Re: Bug or missing feature in who

2007-05-25 Thread Andreas Schwab
[EMAIL PROTECTED] (Bob Proulx) writes:

 Alexander Schestag wrote:
 So, is there a way to tell who to list the users logged in via su
 as well?

 Not with who.  AFAIK you would need to walk the process list for that
 information.  There is really nothing special about a login process.
 It is just a normal process.

Actually a login process is kind of special, because it creates a new
session and becomes the leader of it.  Changing the user with su, on the
other hand, does not create a new session (use ps -ej to display the
session id of every process).  Still, it is the sole responsibility of
the process creating the session to update the utmp/wtmp information.
In other words, you cannot trust this information in any way.

Andreas.

-- 
Andreas Schwab, SuSE Labs, [EMAIL PROTECTED]
SuSE Linux Products GmbH, Maxfeldstraße 5, 90409 Nürnberg, Germany
PGP key fingerprint = 58CA 54C7 6D53 942B 1756  01D3 44D5 214B 8276 4ED5
And now for something completely different.


___
Bug-coreutils mailing list
Bug-coreutils@gnu.org
http://lists.gnu.org/mailman/listinfo/bug-coreutils


Re: Bug or missing feature in who

2007-05-25 Thread Micah Cowan
Andreas Schwab wrote:
 [EMAIL PROTECTED] (Bob Proulx) writes:
 
 Alexander Schestag wrote:
 So, is there a way to tell who to list the users logged in via su
 as well?
 Not with who.  AFAIK you would need to walk the process list for that
 information.  There is really nothing special about a login process.
 It is just a normal process.
 
 Actually a login process is kind of special, because it creates a new
 session and becomes the leader of it.  Changing the user with su, on the
 other hand, does not create a new session (use ps -ej to display the
 session id of every process).  Still, it is the sole responsibility of
 the process creating the session to update the utmp/wtmp information.
 In other words, you cannot trust this information in any way.

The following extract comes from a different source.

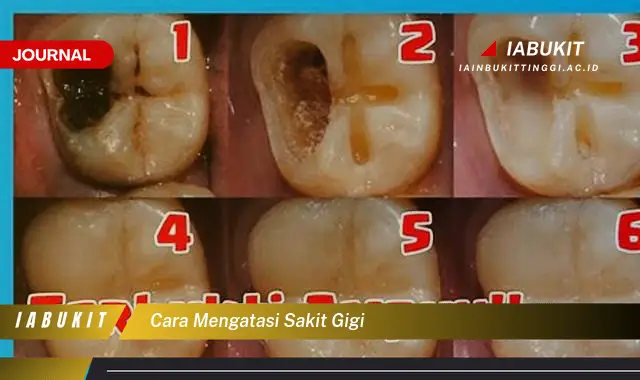 Ketahui Cara Mengatasi Sakit Gigi yang Jarang Diketahui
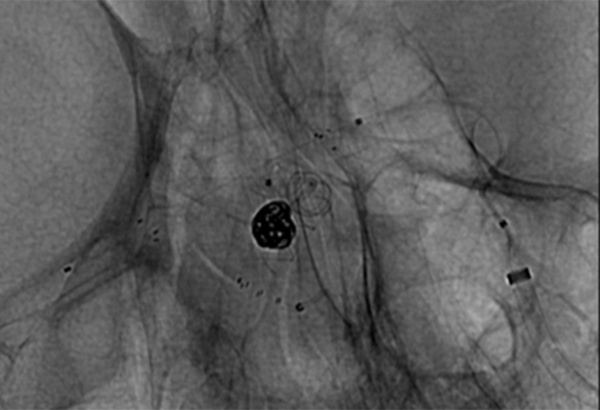 AComA-Crossover-Treatment-of-a-Complex-ICA-Tip-Aneurysm-Using-pEGASUS-HPC-stent-figure18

Not to mention that it's trivially easy to create a new session, and
many programs do it as a matter of course (especially dæmons). The
create new session syscall is generally used to disassociate from
whatever terminal and process group it was running under, so it won't
accidentally try to write to the terminal while it's in the background
(STOPping it); and won't receive SIGHUP if that terminal goes away.

-- 
Micah J. Cowan
Programmer, musician, typesetting enthusiast, gamer...
http://micah.cowan.name/


___
Bug-coreutils mailing list
Bug-coreutils@gnu.org
http://lists.gnu.org/mailman/listinfo/bug-coreutils


Bug or missing feature in who

2007-05-24 Thread Alexander Schestag
Hello,

I think, I detected a bug or at least a missing feature in the who
command. Assume the following situation:

- user1 is logged in. a who will show me this user.
- after that, user1 logs in as another user or as root via su.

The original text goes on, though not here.